Going right around a roundabout while others took the left and longer route proved to be the key that enabled the Norwegian to finally win a stage at this Tour on Friday after two second-place finishes.
Only Boasson Hagen and Nikias Arndt took the shorter route. The Norwegian then eliminated the German rider with a burst of acceleration and sped to the line in Salon-de Provence.
Arndt placed second, five seconds back.
Third-placed Jens Keukeleire was among those who went left around the roundabout in the last three kilometers (under two miles) and immediately realized their mistake, as Boasson Hagen motored away.
"That's when it struck me: We should have taken right," Keukeleire said. "He's one of those riders, give him 10 meters and he's gone."

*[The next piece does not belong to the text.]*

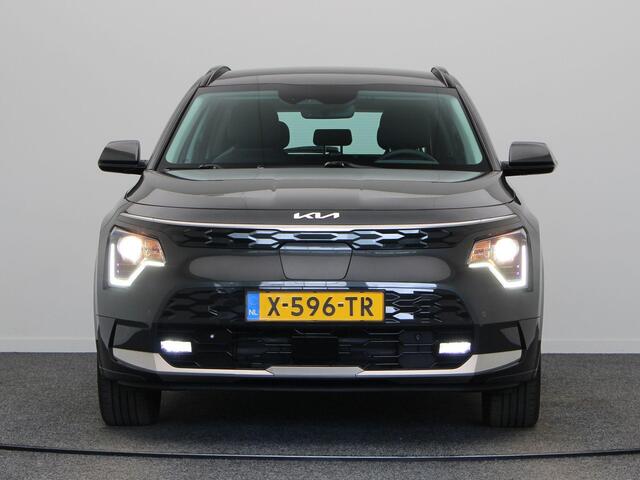 KIA e-Niro EV DynamicLine 64.8 kWh | SOH 98.5% | achteruitrij camera | Sfeerverlichting | Automaat |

It was Boasson Hagen's third career stage win at the Tour, after his first two in 2011. He said he'd studied the finish and identified the short cut.
"I was hunting for opportunities, and then the roundabout arrived," he said. "I understood that going right would be quicker."
Riding at a leisurely pace far behind them, race leader Chris Froome and other top contenders for the yellow jersey were happy to let others contest the victory on the Tour's longest stage. The overall standings remained unchanged at the top, with Froome leading French rider Romain Bardet by 23 seconds and Rigoberto Uran of Colombia by 29 seconds.